RealTime IT News

Oxford Health Scraps Outsourcing Deal

Bucking the trend of outsourcing IT systems, Oxford Health Plans (OHP) said today it would end its outsourcing agreement with Computer Sciences Corp. (CSC) just 18 months into the five-year, $195 million deal. The Trumbull, Conn.-based company said it will bring the functions back in-house.

Oxford struck a deal with El Segundo, Calif.-based CSC in Nov. 2000, calling for CSC to take responsibility of a variety of the health-care company's information systems (IS), including its data center operations, help desk, desktop systems, and network management. Along with those functions, CSC took on 150 of Oxford's IT staff. Now, the IS functions and much of the staff are returning to the Oxford fold.

In a statement announcing the move, Oxford President and Chief Operating Officer Charles Berg cited cost savings. "We believe that fully integrating the entire function will allow us to deploy technology solutions in a more flexible, timely and cost-effective manner to meet our business goals," he said.

But at the time of the deal in 2001, Berg's predecessor, Charles Schneider, cited much of the same mantra of lower cost and improved flexibility: "This agreement will help us reduce our costs and upgrade our technology capabilities so that we can enhance the quality of services we provide to our members and employee groups."

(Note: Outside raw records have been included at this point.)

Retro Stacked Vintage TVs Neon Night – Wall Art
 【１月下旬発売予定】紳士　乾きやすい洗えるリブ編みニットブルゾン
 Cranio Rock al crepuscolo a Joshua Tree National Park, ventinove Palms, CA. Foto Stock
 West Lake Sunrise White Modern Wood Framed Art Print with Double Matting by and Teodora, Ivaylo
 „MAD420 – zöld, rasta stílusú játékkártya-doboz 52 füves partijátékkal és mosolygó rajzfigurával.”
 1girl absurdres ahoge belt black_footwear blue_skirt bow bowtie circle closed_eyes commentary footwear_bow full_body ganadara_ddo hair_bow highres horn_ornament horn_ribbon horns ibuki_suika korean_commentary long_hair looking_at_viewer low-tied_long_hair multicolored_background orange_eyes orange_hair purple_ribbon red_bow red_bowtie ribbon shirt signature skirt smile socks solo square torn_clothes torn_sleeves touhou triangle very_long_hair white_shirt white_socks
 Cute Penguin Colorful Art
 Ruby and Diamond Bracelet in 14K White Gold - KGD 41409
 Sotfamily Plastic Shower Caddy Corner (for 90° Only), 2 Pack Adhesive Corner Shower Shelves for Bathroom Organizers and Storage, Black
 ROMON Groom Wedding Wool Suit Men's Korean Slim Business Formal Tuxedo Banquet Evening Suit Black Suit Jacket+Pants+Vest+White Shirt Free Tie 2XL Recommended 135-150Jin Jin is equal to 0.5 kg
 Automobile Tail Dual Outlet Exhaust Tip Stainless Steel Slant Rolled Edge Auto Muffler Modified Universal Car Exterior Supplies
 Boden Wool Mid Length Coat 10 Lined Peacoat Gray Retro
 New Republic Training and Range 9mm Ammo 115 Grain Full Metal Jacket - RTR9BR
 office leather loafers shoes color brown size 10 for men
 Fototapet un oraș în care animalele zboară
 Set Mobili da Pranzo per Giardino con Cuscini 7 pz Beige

Oxford said the companies were discussing a financial settlement to ending the outsourcing agreement, but it expects any fees to be less than $10 million. According to its recent annual report, Oxford faced a termination fee of between $15 million and $20 million if the deal was cancelled in 2002. Last year, CSC billed Oxford $31.6 million for IT services.

The market for IS outsourcing is huge. Last May, IDC estimated the IS outsourcing market reached $56 billion in 2000, and forecast it would top $100 billion in 2005. CSC has been somewhat sheltered from slower corporate spending since a large part of its business comes from contracts with government agencies. However, the company took a hit when its $400 million contract with Global Crossing fizzled after its bankruptcy.